(Beginning of Stored data)

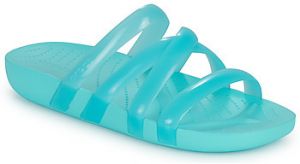 Šľapky Crocs  CrocsSplashGlossyStrappy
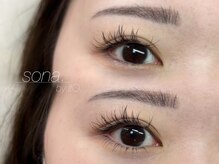 ソナ バイ イト(sona by itO.)/下まつ毛パーマ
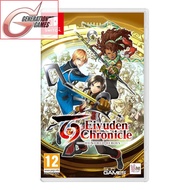Nintendo Switch Eiyuden Chronicle: Hundred Heroes (English/Chinese)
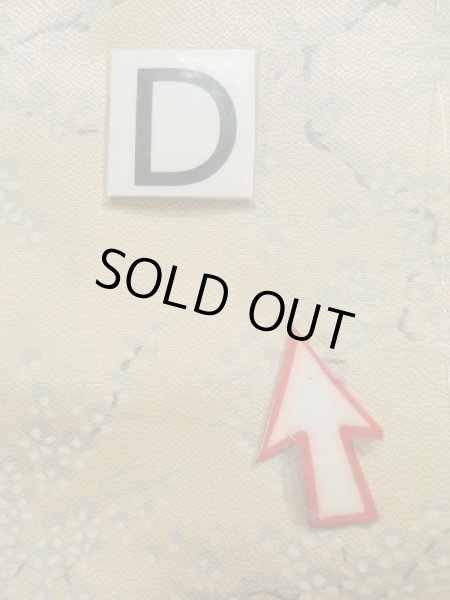 画像19: K0728U  小紋 女性用着物  シルク(正絹) 薄い  クリーム, 菊 【中古】 【USED】 【リサイクル】 ★★★☆☆ (19)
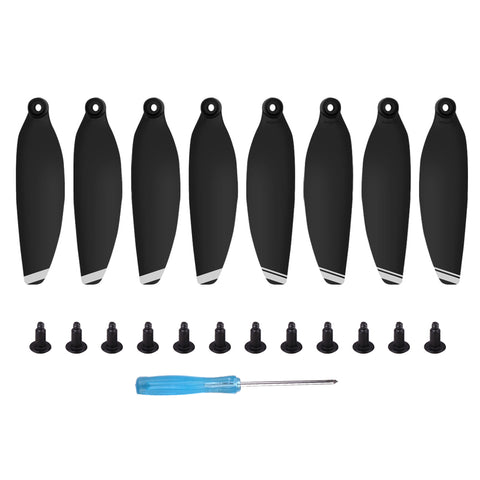 8Pcs Mavic Mini Propellers 4726F Foldable Low Noise for DJI Mavic Mini Drone - F/Stop Labs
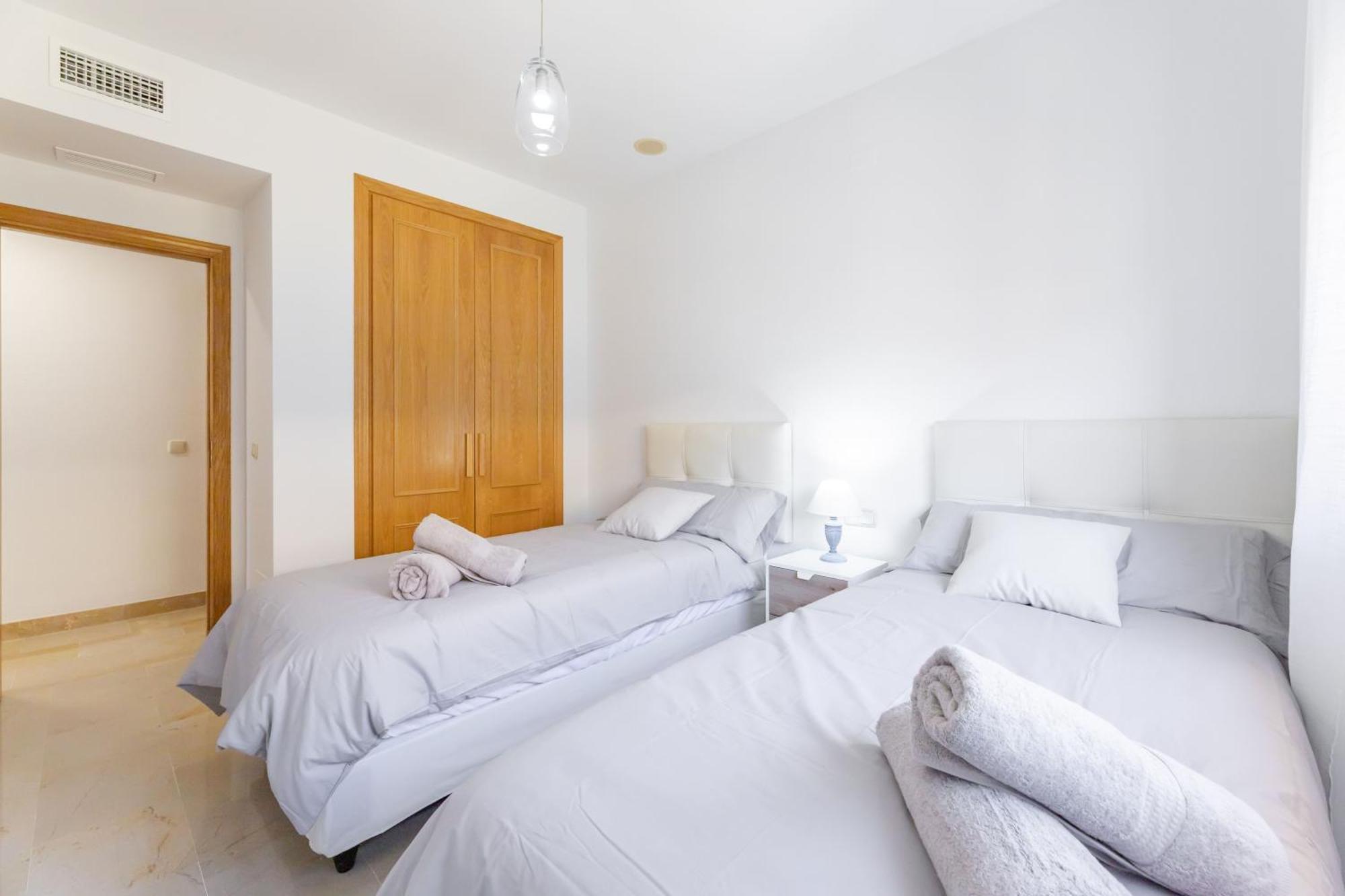 Apartment San Pedro Sea Views L *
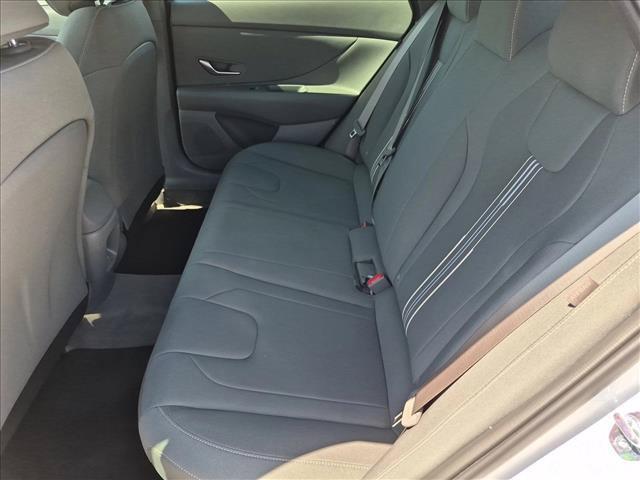 2025 Hyundai Elantra - $24,050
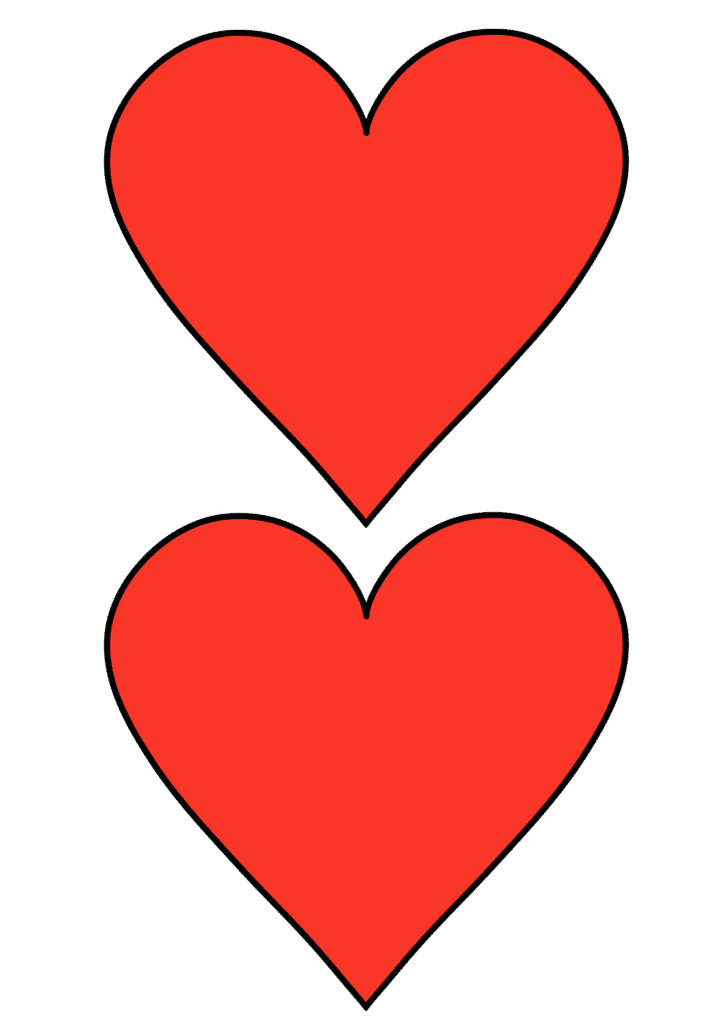 Free Printable Heart Images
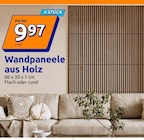 Wandpaneele im Angebot bei Action in Oberursel Wandpaneele Angebote bei Action Oberursel für 9,97 €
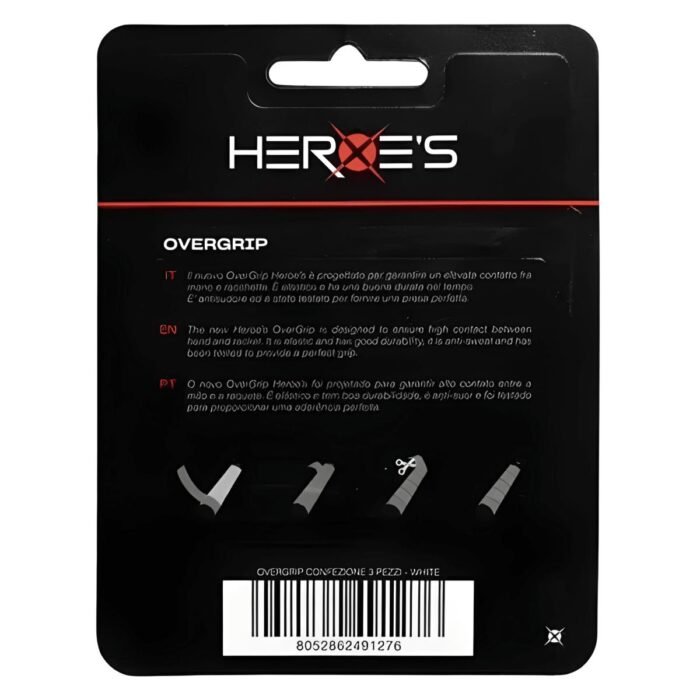 HIGH LEVEL OVERGRIP - تصویر 2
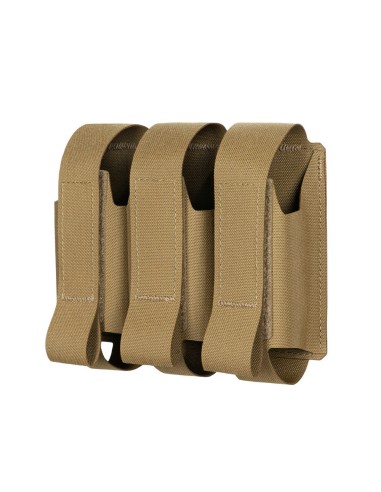 M-Tac Pouch for 3 VOG Type Grenade (various colours)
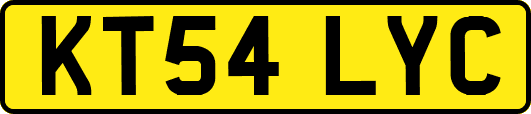 KT54LYC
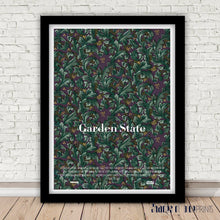 Load image into Gallery viewer, A movie by Zach Braff - Garden State - Giclée Print, 2004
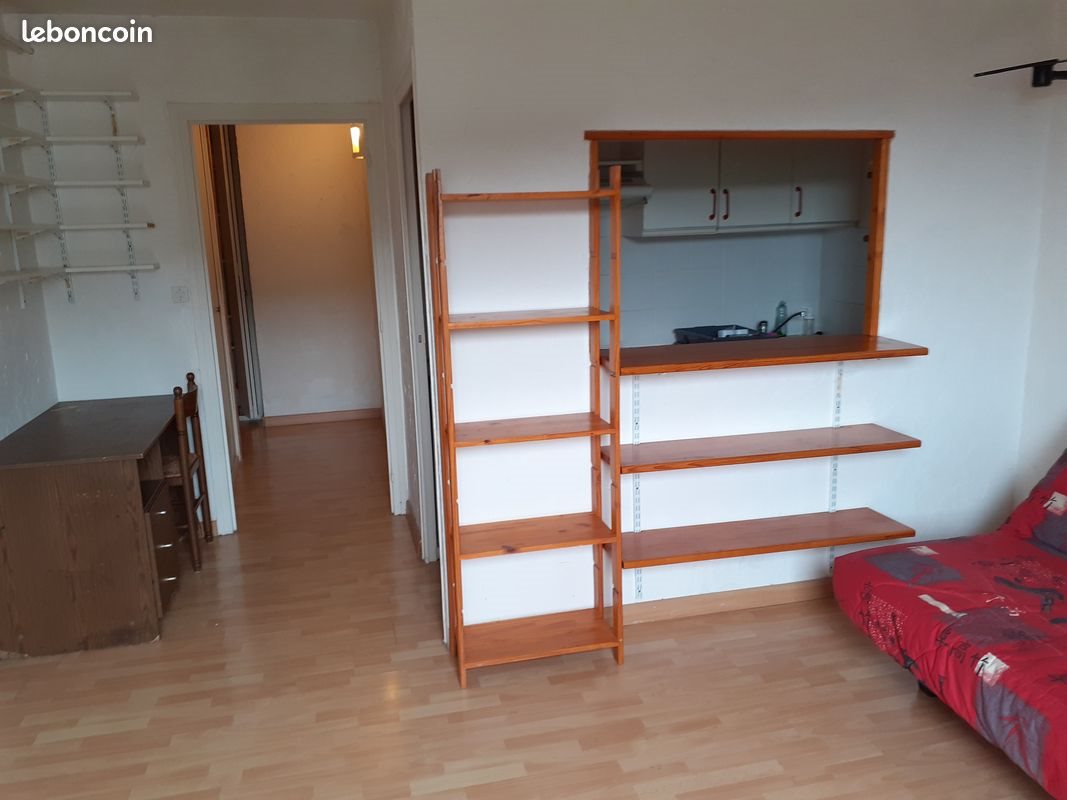 Appartement à vendre, 30m², Échirolles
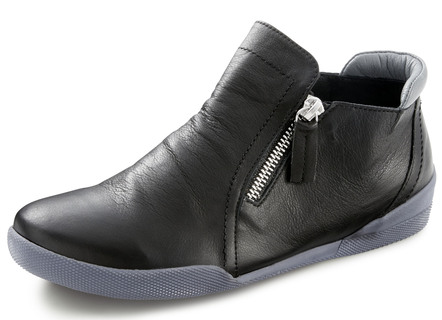 Andrea Conti, sportliche Damen-Boots, mit herausnehmbarem Fussbett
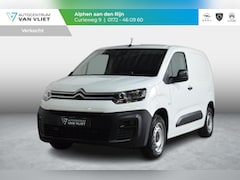 Citroën Berlingo - 1.5 BlueHDI Club 75 PK| NAVIGATIE | BLUETOOTH | PARKEERSENSOTEN | LAADRUIMTE BETIMMERING |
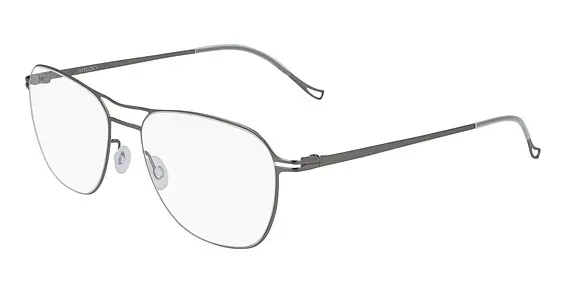 Airlock Eyeglasses Men 4002 Gunmetal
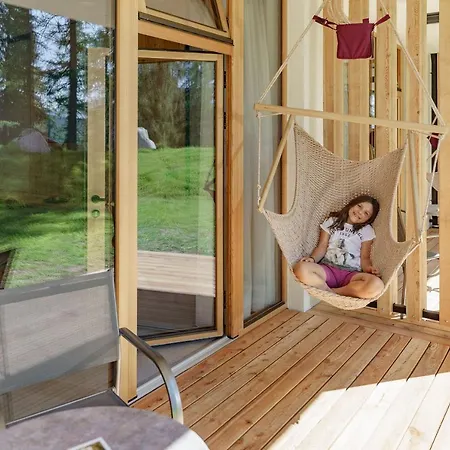 Naturhotel Laerchenhof 4* 拉姆绍达赫斯坦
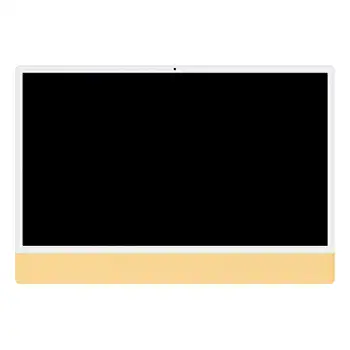 Complete LCD Display Assembly For iMac 24" A2438 (2021) (Genuine OEM) (Yellow)
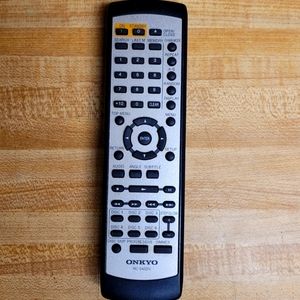 Original ONKYO RC-542DV REMOTE Control DV-CP701/S CP702/S CP802/S HT-L970 S667CS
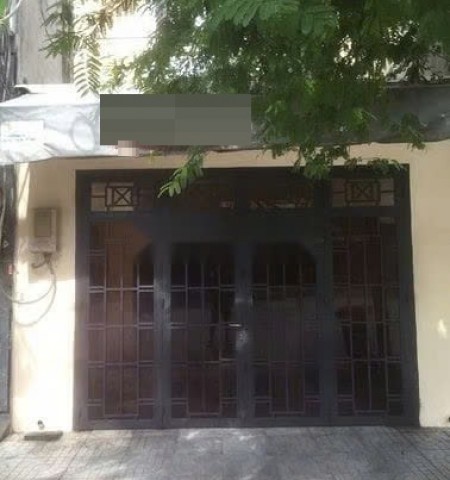 Cho thuê nhà mặt tiền đường Phạm Văn Bạch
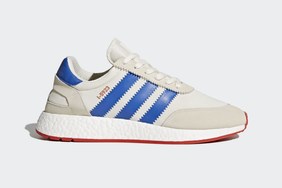 三色登场，adidas I-5923 全新配色设计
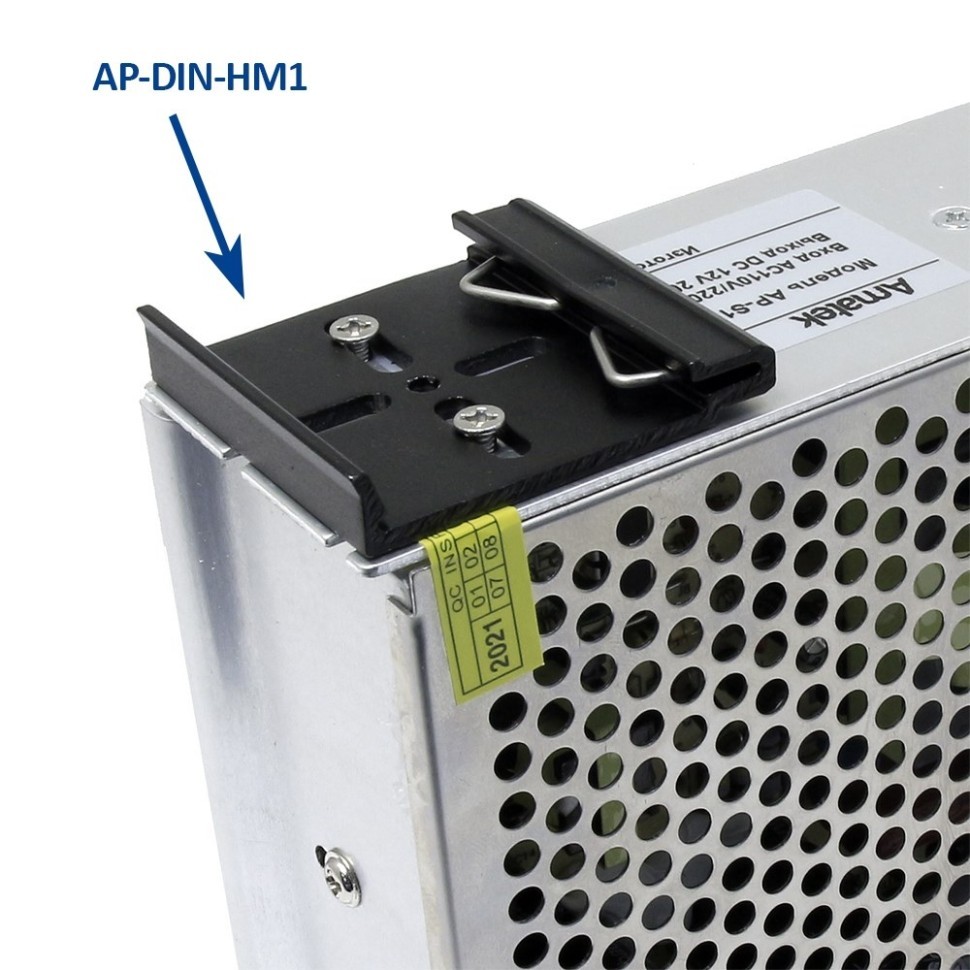 AP-S12/200 - блок питания 12В / 20А стабилизированный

(End of Stored data)

**The problem:** Please reproduce the records above exactly, omitting every picture.

**Exercise result:**
 Šľapky Crocs  CrocsSplashGlossyStrappy
 ソナ バイ イト(sona by itO.)/下まつ毛パーマ
Nintendo Switch Eiyuden Chronicle: Hundred Heroes (English/Chinese)
 画像19: K0728U  小紋 女性用着物  シルク(正絹) 薄い  クリーム, 菊 【中古】 【USED】 【リサイクル】 ★★★☆☆ (19)
 8Pcs Mavic Mini Propellers 4726F Foldable Low Noise for DJI Mavic Mini Drone - F/Stop Labs
 Apartment San Pedro Sea Views L *
 2025 Hyundai Elantra - $24,050
 Free Printable Heart Images
 Wandpaneele im Angebot bei Action in Oberursel Wandpaneele Angebote bei Action Oberursel für 9,97 €
 HIGH LEVEL OVERGRIP - تصویر 2
 M-Tac Pouch for 3 VOG Type Grenade (various colours)
 KT54LYC
 Load image into Gallery viewer, A movie by Zach Braff - Garden State - Giclée Print, 2004
 Appartement à vendre, 30m², Échirolles
 Andrea Conti, sportliche Damen-Boots, mit herausnehmbarem Fussbett
 Citroën Berlingo - 1.5 BlueHDI Club 75 PK| NAVIGATIE | BLUETOOTH | PARKEERSENSOTEN | LAADRUIMTE BETIMMERING |
 Airlock Eyeglasses Men 4002 Gunmetal
 Naturhotel Laerchenhof 4* 拉姆绍达赫斯坦
 Complete LCD Display Assembly For iMac 24" A2438 (2021) (Genuine OEM) (Yellow)
 Original ONKYO RC-542DV REMOTE Control DV-CP701/S CP702/S CP802/S HT-L970 S667CS
 Cho thuê nhà mặt tiền đường Phạm Văn Bạch
 三色登场，adidas I-5923 全新配色设计
 AP-S12/200 - блок питания 12В / 20А стабилизированный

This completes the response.